For my version, I wanted to strike a balance between the old world and new, so I've used the traditional borlotti beans, but I've also added meat to the peasant classic. It all starts off with a basic soffritto, which lays down the base layer of flavour for this stew (as well as most stews for that matter). Then, stock, tomatoes, meat, and beans go in until the beans are tender and the whole thing is a thick hearty consistency. It's finished with some short pasta and in this version I've used orecchiette. In keeping with old world traditions of letting nothing go to waste, the meat in this one is leftover meatloaf and I've also added some Parmesan rind to impart its nutty flavour into the stock.
- If you are using uncooked meat such as pancetta or Italian sausage, brown them first, transfer to a plate, then use the fat they release to make the soffritto.

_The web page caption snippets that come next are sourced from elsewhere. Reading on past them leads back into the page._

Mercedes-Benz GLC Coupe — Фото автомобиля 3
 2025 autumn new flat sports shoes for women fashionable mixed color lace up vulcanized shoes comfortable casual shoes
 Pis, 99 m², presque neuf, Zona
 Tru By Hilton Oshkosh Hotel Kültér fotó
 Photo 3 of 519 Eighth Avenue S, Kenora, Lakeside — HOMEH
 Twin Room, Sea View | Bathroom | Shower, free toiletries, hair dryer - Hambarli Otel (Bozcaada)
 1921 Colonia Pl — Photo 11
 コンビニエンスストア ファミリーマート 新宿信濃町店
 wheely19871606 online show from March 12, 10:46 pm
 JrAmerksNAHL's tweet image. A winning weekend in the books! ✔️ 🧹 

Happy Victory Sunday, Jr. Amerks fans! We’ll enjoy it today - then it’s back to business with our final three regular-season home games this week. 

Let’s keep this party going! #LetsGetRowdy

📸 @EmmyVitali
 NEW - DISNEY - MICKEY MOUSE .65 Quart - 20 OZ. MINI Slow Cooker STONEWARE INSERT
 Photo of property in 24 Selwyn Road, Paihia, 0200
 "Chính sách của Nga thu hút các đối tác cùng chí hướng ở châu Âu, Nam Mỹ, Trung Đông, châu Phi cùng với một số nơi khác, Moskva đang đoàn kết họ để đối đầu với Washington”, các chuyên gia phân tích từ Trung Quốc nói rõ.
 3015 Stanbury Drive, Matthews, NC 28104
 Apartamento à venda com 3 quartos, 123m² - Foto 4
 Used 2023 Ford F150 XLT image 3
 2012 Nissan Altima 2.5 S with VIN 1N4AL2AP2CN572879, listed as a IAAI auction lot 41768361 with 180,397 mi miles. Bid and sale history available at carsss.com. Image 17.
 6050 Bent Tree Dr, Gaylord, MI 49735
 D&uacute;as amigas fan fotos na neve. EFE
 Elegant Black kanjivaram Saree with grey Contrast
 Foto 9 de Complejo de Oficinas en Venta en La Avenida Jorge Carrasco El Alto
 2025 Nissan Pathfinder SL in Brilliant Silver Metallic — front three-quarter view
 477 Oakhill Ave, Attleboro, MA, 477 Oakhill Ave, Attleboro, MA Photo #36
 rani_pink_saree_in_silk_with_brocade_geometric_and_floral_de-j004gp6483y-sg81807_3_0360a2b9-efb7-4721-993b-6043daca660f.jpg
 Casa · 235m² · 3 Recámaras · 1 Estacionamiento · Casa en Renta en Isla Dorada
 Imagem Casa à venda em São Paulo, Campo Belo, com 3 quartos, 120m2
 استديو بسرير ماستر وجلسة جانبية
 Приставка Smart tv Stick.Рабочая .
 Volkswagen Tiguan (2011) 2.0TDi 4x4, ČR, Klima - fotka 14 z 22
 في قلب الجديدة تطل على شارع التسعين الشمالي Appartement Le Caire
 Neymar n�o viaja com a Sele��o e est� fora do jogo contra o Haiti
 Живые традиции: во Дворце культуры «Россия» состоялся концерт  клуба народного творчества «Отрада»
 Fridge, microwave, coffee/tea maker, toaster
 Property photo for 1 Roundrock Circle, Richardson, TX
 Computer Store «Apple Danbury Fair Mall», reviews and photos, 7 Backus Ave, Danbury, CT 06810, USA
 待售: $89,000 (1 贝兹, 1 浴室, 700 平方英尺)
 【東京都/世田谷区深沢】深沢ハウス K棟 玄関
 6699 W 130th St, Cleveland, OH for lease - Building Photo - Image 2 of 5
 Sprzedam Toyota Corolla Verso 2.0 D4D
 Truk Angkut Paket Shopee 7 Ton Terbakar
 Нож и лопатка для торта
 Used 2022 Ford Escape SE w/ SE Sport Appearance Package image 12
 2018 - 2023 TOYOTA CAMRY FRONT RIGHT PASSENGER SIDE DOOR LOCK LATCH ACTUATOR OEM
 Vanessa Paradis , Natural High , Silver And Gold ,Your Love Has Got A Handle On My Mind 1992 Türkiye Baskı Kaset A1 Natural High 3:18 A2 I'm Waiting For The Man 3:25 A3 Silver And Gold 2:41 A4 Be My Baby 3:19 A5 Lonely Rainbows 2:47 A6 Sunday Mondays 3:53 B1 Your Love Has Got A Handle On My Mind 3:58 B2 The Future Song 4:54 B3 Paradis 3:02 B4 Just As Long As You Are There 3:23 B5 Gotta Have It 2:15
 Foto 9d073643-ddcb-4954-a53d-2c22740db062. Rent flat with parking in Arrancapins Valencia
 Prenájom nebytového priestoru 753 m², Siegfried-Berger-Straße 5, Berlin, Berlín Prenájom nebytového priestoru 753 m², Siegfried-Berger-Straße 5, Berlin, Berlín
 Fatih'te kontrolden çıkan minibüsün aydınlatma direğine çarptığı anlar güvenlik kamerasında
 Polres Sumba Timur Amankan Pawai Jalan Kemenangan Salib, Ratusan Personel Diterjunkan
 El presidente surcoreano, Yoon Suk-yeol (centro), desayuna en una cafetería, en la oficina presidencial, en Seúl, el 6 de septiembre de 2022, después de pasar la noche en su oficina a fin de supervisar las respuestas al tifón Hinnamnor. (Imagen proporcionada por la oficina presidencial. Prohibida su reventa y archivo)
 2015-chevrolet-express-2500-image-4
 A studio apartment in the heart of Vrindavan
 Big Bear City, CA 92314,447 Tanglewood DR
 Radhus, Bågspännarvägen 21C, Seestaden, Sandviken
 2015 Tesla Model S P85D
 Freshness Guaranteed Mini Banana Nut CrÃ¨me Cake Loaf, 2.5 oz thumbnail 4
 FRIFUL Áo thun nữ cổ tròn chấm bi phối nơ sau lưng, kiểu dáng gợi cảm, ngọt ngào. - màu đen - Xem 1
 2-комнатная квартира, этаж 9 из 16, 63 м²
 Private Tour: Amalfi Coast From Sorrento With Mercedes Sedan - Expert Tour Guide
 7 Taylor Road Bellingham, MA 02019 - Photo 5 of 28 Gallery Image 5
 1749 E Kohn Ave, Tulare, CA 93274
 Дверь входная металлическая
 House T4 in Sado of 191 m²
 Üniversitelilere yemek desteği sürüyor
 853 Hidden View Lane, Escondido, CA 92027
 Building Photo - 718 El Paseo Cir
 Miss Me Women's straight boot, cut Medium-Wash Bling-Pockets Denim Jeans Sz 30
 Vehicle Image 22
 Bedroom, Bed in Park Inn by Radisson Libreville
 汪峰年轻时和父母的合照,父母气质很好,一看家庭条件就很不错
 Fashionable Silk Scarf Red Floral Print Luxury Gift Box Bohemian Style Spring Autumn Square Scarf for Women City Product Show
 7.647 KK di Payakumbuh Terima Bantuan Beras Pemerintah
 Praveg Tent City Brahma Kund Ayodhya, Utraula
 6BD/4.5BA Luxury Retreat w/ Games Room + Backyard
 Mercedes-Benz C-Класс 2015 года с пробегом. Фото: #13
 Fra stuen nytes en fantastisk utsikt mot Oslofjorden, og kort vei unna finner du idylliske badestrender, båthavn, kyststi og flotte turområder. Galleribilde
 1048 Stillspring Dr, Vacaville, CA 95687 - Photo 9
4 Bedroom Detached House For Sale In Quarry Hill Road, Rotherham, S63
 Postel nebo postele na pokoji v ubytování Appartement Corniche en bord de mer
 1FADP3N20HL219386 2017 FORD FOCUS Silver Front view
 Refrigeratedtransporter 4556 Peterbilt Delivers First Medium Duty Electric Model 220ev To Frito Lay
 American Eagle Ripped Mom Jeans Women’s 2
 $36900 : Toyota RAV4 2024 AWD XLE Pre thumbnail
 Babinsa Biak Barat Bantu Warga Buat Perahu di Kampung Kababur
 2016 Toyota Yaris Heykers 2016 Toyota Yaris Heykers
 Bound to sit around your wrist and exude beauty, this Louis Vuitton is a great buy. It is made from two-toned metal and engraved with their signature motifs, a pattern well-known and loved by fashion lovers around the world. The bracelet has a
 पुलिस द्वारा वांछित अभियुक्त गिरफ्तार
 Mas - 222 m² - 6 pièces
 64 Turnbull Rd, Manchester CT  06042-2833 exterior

- If you are use precooked meat or are making this vegetarian, add a generous splash of olive oil to a stock pot (about 2 Tbs).
- Fry the ingredients for the soffritto until soft and about halved in volume. This process deepens the flavour of the soffritto (aka mirepoix) through a Maillard reaction, which causes sugars in the veggies to react with amino acids to form new flavour compounds.
- Add the vermouth to the soffritto and cook until there is no liquid left. Add the chicken stock, chopped tomatoes, beans, Parmesan rind, basil, bay leaf and thyme. Allow this to simmer uncovered until the beans are tender (about 1 1/2 hours). If the soup start getting too thick, add a bit of water and continue cooking with a lid.
- When the beans are tender, taste for salt and add more if needed. Add the pasta and cook until tender, you may need to add a bit more water if the pasta absorbs too much. Serve with bread and a generous dusting of freshly grated Parmigiano-Reggiano.